Give back exactly the lines of the material below, starting with the line with "For example, in" and going on through the line with "Photographs or other".

*** Material provided

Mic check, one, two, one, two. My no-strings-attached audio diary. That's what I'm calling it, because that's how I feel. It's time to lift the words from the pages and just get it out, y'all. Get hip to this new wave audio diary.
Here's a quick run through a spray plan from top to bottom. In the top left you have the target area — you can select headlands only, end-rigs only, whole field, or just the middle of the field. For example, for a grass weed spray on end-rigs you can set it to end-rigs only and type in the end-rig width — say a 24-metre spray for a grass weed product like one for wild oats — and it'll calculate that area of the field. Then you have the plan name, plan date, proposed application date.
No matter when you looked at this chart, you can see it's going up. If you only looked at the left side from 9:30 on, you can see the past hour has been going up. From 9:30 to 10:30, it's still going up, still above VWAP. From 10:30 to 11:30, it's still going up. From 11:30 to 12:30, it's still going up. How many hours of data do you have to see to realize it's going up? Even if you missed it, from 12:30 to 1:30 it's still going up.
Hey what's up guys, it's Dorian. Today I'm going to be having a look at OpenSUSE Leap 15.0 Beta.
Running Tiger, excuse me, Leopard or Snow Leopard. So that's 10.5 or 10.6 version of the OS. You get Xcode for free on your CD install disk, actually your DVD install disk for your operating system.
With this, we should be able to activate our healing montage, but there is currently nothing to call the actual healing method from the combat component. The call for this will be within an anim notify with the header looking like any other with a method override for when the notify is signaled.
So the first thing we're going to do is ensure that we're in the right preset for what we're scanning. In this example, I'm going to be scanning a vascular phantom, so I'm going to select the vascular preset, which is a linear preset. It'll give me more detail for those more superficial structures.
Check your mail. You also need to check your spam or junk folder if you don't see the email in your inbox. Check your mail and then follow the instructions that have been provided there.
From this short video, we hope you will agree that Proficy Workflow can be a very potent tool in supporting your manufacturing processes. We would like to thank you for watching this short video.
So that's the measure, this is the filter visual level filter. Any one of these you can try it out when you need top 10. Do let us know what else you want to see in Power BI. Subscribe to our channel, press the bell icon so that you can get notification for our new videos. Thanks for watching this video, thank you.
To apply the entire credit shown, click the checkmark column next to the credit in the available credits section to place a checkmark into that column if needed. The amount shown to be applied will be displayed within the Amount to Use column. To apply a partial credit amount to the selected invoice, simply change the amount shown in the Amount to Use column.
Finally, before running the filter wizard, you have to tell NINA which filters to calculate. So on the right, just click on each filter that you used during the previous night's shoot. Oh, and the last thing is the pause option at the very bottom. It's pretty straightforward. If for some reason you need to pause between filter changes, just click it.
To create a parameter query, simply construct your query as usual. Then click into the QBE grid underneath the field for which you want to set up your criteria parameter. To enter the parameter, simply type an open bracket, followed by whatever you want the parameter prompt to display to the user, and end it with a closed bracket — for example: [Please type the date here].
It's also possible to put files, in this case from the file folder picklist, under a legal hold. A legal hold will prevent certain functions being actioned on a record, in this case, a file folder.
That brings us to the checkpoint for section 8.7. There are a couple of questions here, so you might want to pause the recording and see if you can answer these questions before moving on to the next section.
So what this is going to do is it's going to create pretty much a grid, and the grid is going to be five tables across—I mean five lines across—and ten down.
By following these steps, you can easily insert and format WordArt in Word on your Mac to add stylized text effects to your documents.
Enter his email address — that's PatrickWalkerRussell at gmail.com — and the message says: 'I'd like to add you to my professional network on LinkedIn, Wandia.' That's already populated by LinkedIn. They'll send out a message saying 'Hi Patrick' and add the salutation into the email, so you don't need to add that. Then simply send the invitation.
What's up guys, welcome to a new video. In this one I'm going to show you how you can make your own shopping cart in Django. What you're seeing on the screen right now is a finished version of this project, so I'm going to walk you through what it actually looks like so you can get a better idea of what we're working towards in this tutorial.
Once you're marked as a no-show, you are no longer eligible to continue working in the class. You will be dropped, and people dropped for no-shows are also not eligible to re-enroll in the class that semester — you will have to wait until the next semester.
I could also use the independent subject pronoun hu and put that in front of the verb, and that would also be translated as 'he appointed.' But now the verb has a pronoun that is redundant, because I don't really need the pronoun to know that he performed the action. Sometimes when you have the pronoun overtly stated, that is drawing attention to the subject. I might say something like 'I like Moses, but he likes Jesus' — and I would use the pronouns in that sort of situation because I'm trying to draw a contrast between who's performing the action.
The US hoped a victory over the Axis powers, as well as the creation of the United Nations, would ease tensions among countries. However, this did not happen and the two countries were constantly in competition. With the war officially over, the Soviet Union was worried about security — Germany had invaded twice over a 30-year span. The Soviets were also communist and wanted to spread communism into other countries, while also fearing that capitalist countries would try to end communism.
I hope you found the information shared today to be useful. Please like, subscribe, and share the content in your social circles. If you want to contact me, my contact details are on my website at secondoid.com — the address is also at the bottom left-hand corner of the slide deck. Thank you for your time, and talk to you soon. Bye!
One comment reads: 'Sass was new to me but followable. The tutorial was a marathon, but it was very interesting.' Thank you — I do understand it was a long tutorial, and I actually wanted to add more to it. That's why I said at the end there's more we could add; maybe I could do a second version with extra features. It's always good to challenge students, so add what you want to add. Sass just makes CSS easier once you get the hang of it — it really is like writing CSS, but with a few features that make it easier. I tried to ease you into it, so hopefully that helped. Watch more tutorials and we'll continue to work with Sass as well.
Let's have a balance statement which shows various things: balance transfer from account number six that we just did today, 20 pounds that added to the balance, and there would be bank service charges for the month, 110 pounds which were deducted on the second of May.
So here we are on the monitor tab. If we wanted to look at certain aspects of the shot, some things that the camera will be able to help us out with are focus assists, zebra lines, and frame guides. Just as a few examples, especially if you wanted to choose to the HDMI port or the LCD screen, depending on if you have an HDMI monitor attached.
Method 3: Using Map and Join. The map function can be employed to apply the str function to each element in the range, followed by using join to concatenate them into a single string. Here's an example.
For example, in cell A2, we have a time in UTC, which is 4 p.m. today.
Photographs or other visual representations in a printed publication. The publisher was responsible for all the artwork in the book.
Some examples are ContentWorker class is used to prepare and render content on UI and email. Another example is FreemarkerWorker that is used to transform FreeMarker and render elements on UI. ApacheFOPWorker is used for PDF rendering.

******

**Task output**
For example, in cell A2, we have a time in UTC, which is 4 p.m. today.
Photographs or other visual representations in a printed publication. The publisher was responsible for all the artwork in the book.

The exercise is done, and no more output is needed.